About this task: Among the lines of the records below, copy those that hold the word "Pink".

(Beginning of Data section)

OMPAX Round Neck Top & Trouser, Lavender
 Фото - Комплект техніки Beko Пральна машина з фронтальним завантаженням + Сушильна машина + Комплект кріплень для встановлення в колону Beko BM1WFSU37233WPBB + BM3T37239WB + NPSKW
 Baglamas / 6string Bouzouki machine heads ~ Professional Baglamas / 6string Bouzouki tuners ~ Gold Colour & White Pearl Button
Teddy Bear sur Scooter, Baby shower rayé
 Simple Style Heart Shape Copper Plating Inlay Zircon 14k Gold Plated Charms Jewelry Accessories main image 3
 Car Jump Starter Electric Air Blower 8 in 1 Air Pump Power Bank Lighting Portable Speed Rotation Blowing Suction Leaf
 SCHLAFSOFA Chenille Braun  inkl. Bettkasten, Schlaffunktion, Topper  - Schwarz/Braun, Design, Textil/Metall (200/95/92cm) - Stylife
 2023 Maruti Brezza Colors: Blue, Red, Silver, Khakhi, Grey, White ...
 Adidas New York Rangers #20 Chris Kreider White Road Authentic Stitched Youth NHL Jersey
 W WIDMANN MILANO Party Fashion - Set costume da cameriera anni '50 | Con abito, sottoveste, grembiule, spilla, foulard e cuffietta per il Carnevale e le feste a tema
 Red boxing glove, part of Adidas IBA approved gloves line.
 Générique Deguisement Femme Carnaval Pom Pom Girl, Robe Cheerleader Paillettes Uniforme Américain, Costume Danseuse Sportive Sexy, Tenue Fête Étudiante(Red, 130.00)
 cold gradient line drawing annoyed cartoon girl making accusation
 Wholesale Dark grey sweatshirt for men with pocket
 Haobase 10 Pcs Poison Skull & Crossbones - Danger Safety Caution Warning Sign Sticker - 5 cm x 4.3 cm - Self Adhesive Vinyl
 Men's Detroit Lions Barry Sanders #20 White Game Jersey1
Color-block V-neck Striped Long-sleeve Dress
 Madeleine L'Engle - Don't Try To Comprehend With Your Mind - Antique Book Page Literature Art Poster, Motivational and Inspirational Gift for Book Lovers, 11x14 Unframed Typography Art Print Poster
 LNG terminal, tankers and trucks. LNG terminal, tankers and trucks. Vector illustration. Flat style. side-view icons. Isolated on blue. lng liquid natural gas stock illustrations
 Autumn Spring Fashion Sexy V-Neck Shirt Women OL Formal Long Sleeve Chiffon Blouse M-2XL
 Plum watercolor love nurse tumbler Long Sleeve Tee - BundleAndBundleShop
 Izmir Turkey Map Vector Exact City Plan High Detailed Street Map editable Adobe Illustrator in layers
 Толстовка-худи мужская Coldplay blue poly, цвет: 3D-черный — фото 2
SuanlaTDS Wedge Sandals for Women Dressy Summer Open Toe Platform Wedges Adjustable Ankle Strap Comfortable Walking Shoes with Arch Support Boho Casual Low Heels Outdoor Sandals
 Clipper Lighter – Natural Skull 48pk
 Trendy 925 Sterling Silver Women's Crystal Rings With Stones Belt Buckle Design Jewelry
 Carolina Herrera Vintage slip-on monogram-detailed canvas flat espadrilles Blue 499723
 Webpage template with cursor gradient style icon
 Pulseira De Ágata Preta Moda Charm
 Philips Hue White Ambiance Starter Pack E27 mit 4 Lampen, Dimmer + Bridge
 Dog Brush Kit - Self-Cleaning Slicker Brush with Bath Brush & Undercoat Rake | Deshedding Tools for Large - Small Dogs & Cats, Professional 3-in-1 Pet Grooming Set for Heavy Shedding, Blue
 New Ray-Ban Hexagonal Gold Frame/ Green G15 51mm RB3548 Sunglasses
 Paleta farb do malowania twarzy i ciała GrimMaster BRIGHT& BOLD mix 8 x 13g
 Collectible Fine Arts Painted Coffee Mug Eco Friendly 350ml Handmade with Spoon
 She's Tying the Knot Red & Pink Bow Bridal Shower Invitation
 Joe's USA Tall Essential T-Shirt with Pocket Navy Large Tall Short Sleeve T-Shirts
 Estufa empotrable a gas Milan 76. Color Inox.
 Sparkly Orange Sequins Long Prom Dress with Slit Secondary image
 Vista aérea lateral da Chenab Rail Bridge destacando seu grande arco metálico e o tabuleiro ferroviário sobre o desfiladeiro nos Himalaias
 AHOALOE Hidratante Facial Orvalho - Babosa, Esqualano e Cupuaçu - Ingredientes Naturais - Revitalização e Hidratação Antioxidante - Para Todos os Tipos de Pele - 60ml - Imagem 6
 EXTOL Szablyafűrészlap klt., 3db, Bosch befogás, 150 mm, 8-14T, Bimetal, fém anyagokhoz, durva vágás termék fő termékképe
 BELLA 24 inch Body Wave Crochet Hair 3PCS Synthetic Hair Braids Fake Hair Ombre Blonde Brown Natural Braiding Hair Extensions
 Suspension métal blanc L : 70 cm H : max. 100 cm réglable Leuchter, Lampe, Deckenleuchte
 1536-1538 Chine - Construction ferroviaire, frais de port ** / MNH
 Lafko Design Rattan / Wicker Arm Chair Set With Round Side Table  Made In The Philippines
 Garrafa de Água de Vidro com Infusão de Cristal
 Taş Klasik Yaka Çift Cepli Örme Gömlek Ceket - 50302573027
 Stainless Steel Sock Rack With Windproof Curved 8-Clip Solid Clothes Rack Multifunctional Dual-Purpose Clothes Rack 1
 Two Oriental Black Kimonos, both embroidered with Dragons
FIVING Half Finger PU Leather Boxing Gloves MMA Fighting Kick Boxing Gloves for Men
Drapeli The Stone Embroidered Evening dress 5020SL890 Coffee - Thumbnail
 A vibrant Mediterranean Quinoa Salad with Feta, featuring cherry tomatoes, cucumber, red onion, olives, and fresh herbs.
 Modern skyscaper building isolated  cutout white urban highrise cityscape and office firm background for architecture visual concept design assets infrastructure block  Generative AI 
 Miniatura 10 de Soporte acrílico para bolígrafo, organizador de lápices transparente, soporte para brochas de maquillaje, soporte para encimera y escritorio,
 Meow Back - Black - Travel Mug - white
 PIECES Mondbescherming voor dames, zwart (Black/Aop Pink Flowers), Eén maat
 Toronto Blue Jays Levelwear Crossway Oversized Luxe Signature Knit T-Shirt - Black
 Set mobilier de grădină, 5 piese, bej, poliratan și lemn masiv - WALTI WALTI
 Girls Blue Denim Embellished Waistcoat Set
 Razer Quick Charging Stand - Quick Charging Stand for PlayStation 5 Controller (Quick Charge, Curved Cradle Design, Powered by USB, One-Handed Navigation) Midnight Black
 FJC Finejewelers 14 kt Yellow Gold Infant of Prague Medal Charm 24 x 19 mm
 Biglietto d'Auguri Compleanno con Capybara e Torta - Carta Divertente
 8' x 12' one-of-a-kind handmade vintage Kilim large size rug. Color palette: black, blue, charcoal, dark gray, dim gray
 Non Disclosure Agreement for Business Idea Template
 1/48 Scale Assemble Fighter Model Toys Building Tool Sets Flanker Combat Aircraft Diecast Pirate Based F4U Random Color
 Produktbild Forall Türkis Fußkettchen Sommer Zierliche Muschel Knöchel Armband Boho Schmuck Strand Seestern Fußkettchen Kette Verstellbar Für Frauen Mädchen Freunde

(End of Data section)

Task output:
 She's Tying the Knot Red & Pink Bow Bridal Shower Invitation
 PIECES Mondbescherming voor dames, zwart (Black/Aop Pink Flowers), Eén maat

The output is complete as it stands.